Strictly speaking, intermediaries are not required by MiFID to find the best price for each stock traded across all venues at any specific point in time. Without a consolidated tape or US style pass-trough rule such an insistence would be difficult to enforce, so intermediaries are obligated to select execution venues where they consistently achieve best execution. Currently, most participants are looking, as specified under MiFID, for the best price available on these trading venues. Only a few houses are able to look for best execution across all trading venues. With those differences in mind, brokers have invested considerable resources in ensuring that they are demonstrably MiFID-compliant.
Client expectations
MiFID-compliance is, how-ever, one thing and client expectations are another. Our clients want more and they are right to want more. They want transparency and they want as close as they can get to a consolidated tape. In the absence of a trade-through rule, the onus is on Merrill Lynch and our peers to provide a proxy for such a rule through effective smart order routing.
As we know, best execution is not simply a question of finding the cheapest price. We need to take into account the volume that is available at each venue, bearing in mind that there may be a benefit to sitting passively on one of those books for a longer period of time and that there may be higher instances of information leakage or predatory trading on particular platforms.

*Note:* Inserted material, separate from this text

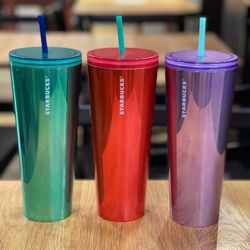 3 starbucks tumblers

Faced with a set of MiFID-inspired best execution policies they have already approved, what should the buy-side be asking brokers about how they handle this fragmenting market? I would suggest that they need to ask five key questions of any sell-side professional they might engage to execute their European trades.
Are we there yet?
The first thing clients need to establish is whether their brokers are connected to all the requisite venues through a sophisticated smart order routing mechanism. We have been amazed how few brokers have actually completed that crucial step.

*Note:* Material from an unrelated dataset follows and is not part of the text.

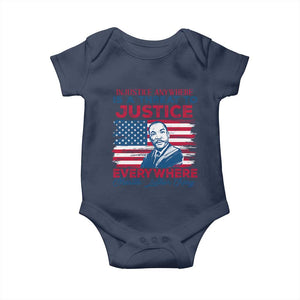 Martin Luther King Jr Day Baby Onesie Injustice Anywhere Is A Threat To Justice Everywhere TS09 Navy Print Your Wear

Secondly, clients need to ask what criteria are used to validate each venue beyond price and volume. These may include the extent to which a venue is subject to information leakage. Latency can also be an issue with certain markets. What is the queue time for a particular asset on a specific venue? If my average queue time on market X to become best bid is five minutes and on venue Y with the same price it is 10 minutes, that difference has obvious implications for where the order is placed.
Thirdly, where flow is internalised in dark pools as a source of liquidity, a client should be very clear as to the nature of the counterparties that share that dark pool and the way that interactions take place within it. Who are you crossing with and on what terms are those crosses being exposed? What anti-gaming logic is built into the pool? Are only small orders being pinged to the pool or are clients allowed to remain resident in that pool in size?
A fourth question relates to the dynamic that operates within the smart router itself. If, for example, the router accesses three venues for a particular order and, during the trading process, the relative flow in each venue begins to shift, how does the smart router take those liquidity shifts into account? The trading characteristics of a stock are different on each venue. Minimum spread sizes vary as do incremental price levels across different venues. In addition to price and volume, algorithms and smart order routers need to understand that in choosing where to place an order.
Finally, clients should demand transparency. At the end of each month, for example, brokers should be able to provide a liquidity landscape, showing on which venues client orders have been executed. Armed with answers to all these questions, buy-side traders will be able to make more informed decisions about where and how to commit their flow.